% utf8(1) | UTF8 Validator
UTF8 - UTF-8 validator and wrapped around a small UTF-8 library
utf8 string
utf8 < file
Author: Richard James Howe / Bjoern Hoehrmann
License: MIT
Repository: <https://github.com/howerj/utf8>
Email: howe.r.j.89@gmail.com
Copyright: 2008-2009 Bjoern Hoehrmann
Copyright: 2020 Richard James Howe
This UTF-8 validator/decoder library is based entirely around the (excellent) code and description available at http://bjoern.hoehrmann.de/utf-8/decoder/dfa/,
Modifications are released under the same license as the original. The executable built is mainly just there to allow the library itself to be tested. This is a very minimal set of UTF-8 utilities, not much is provided but it should allow you to build upon it.
The test program can either check whether a string passed in as an argument is valid UTF-8 or it can read from stdin(3) if no argument is given and do the same, in both cases the number of code points, if any, that have been decoded is printed out if and only if the entire input is valid.
Some example uses are, passing in a string:
./utf8 "hello"
5
And passing redirecting a file:
echo "hello" > file
./uft8 < file
6
The built in library tests are executed before this operation begins, the program will return a non-zero number if these built in tests fail.
The utf8 program returns zero on success, one on an input error and two on an internal error.
You will need make and a suitable C compiler. The only compile time option used by the library is NDEBUG, if this is defined the built in tests will always return success along with assertions being turned off.

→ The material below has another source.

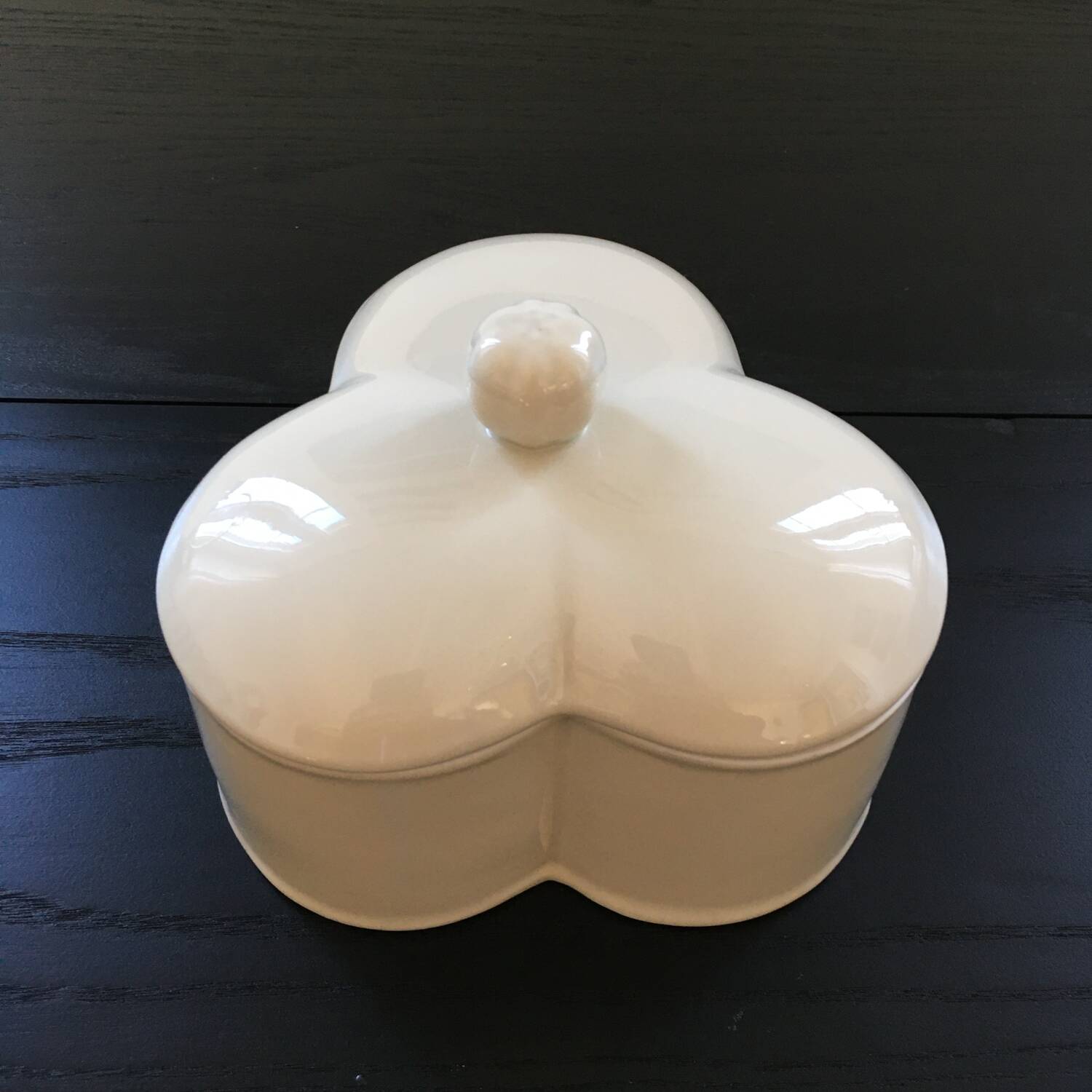 Porcelain clover sugar bowl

The C API is spartan and has three main functions; "utf8_decode", "utf8_add" and "utf8_tests", and the minor function "utf8_code_point_valid". The functions "utf8_code_points" and "utf8_next" are built around the "utf8_decode" function.
- "utf8_decode" is used to decode a byte stream, byte by byte and turn the stream into code points.
- "utf8_add" is used to add a code point to a string, which does not have to be NUL terminated.
- "utf8_tests" performs a series of built in self tests, if there is a bug, a new test can be added.
Negative is return on an error or failure, a positive value (including zero) indicates success.
The function "utf8_tests" contains test examples and usage for each of the functions. All of the functions operate on binary data and not NUL terminated ASCII strings (also known as ASCIIZ strings). It is however easy to convert the functions to operate on the using strlen(3). Go read the source, do not be scared, it is a small enough library.
- http://bjoern.hoehrmann.de/utf-8/decoder/dfa/
- https://kunststube.net/encoding/
- https://stackoverflow.com/questions/27415935
- https://en.wikipedia.org/wiki/Code_point
- https://en.wikipedia.org/wiki/Unicode
- https://www.cl.cam.ac.uk/~mgk25/ucs/examples/UTF-8-test.txt
- https://en.wikipedia.org/wiki/UTF-8
- https://www.cprogramming.com/tutorial/unicode.html
This project is released under the MIT license.
If the number of code points or byte count exceeds 2^32 - 1 then an incorrect value may be displayed. You know why.
This is a very simple library meant to deal with UTF-8 data, and converting strings to and from code-points. It does not deal with issues like Unicode normalization, case conversion and a whole host of horrors that occur when not using ASCII.